### DATA FOR REVIEW:
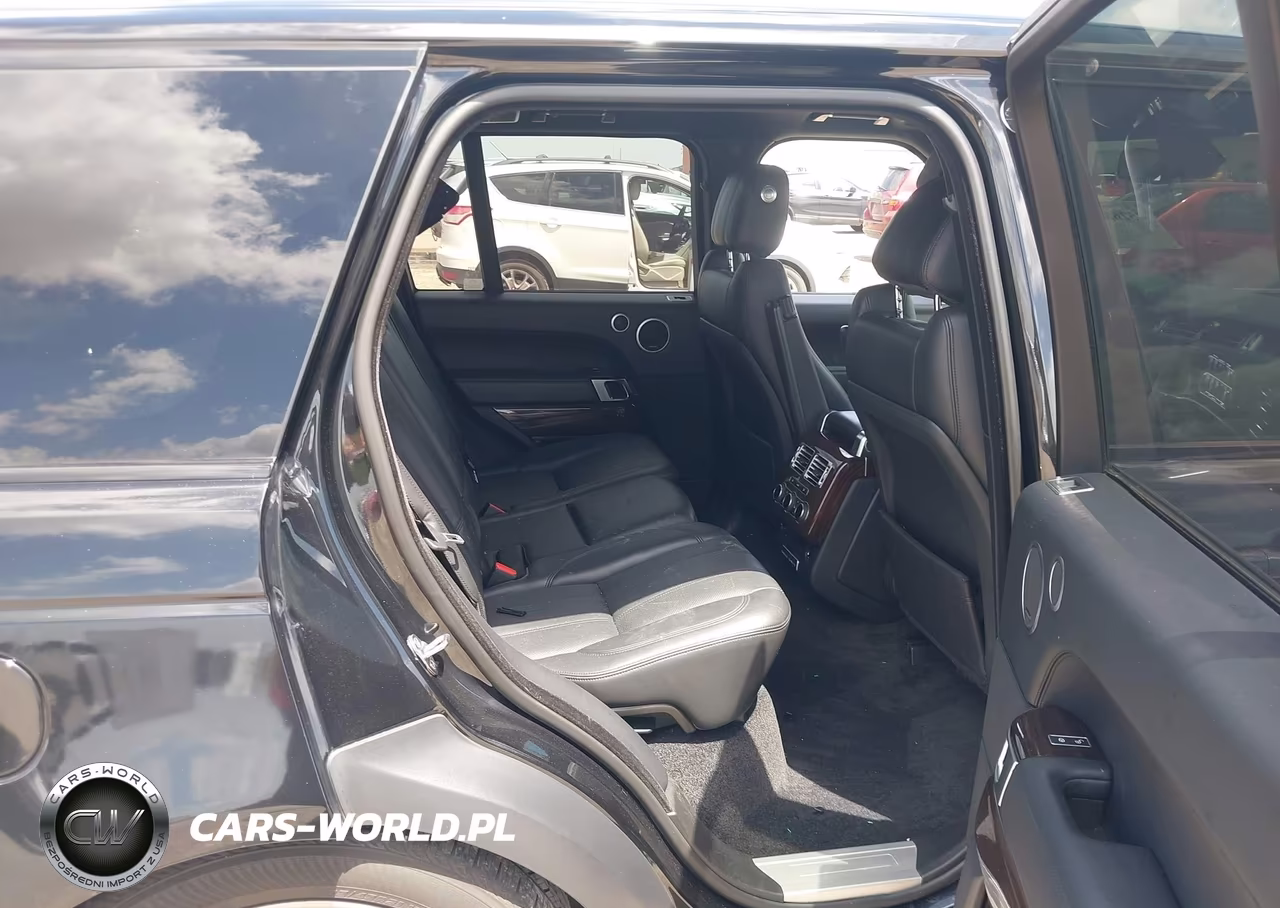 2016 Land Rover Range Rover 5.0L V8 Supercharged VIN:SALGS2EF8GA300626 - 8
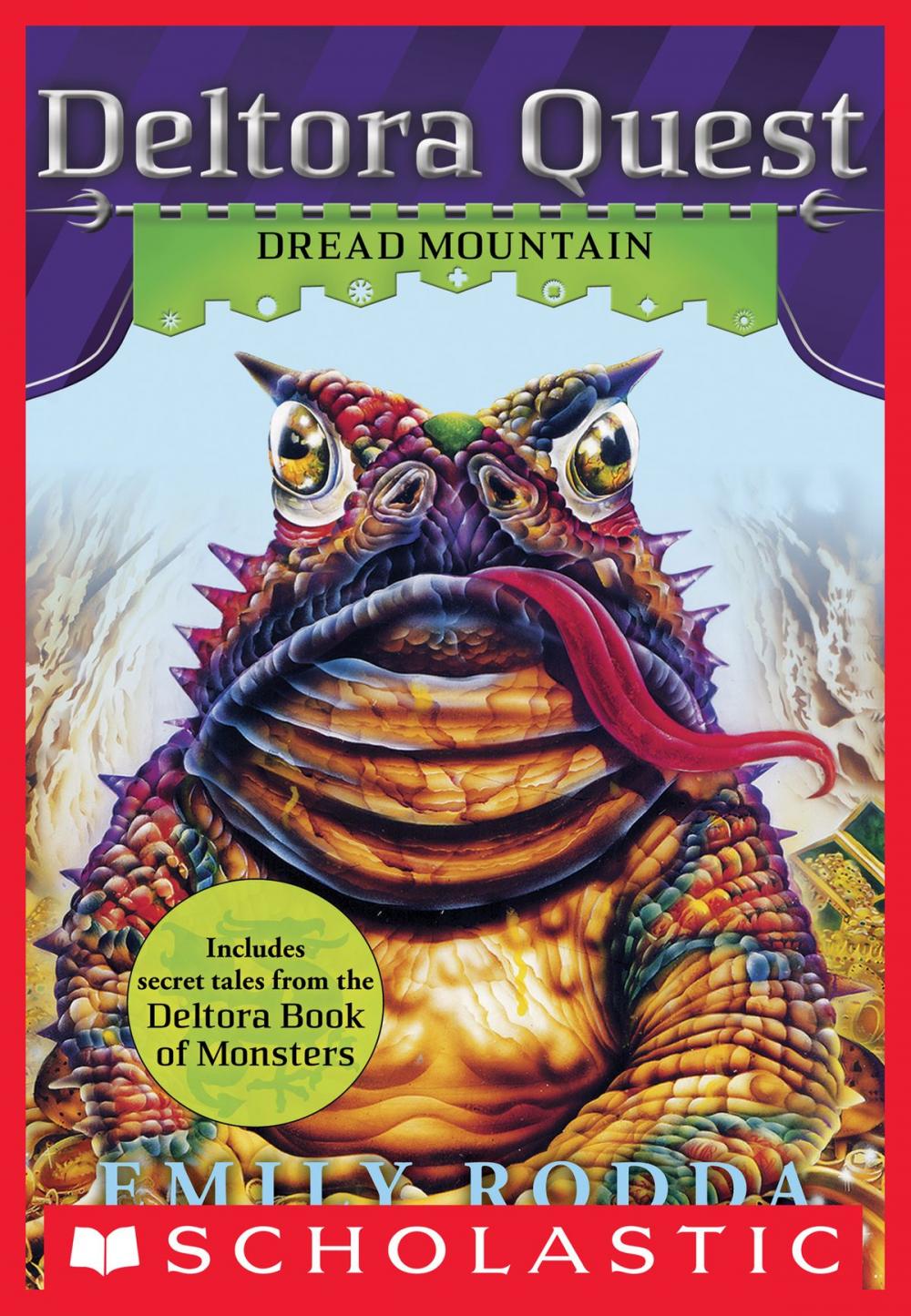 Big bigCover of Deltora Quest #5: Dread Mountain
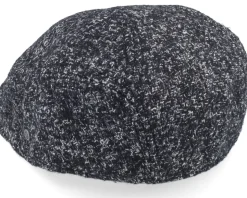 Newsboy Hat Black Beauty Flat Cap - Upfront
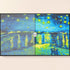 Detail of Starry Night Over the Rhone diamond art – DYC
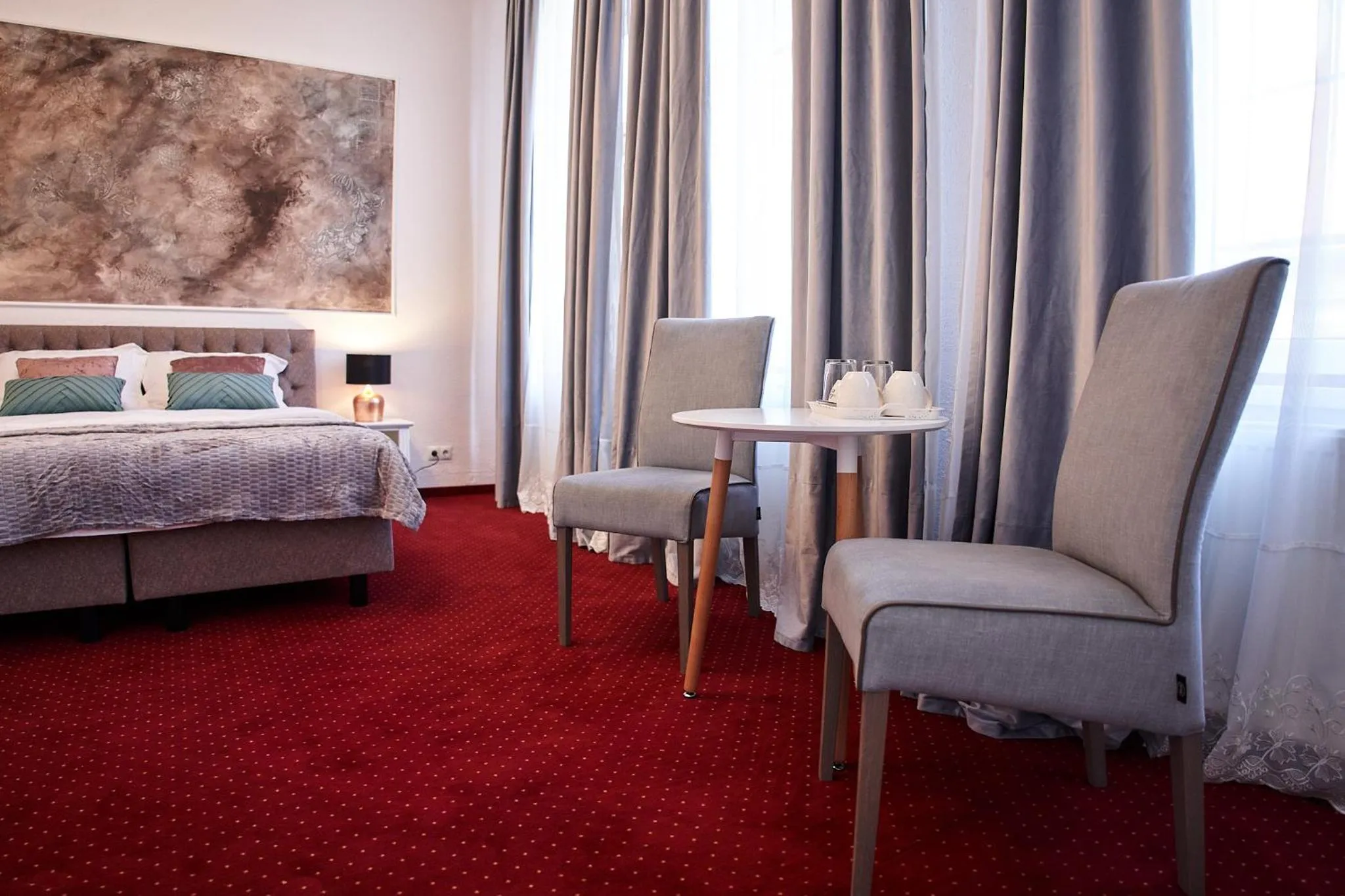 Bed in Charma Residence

### THE PROBLEM:
Give again, word for word, the line that contains "Detail of Starry" and every line after it through the end of the entries; omit the pictures.

### ANSWER SECTION:
 Detail of Starry Night Over the Rhone diamond art – DYC
 Bed in Charma Residence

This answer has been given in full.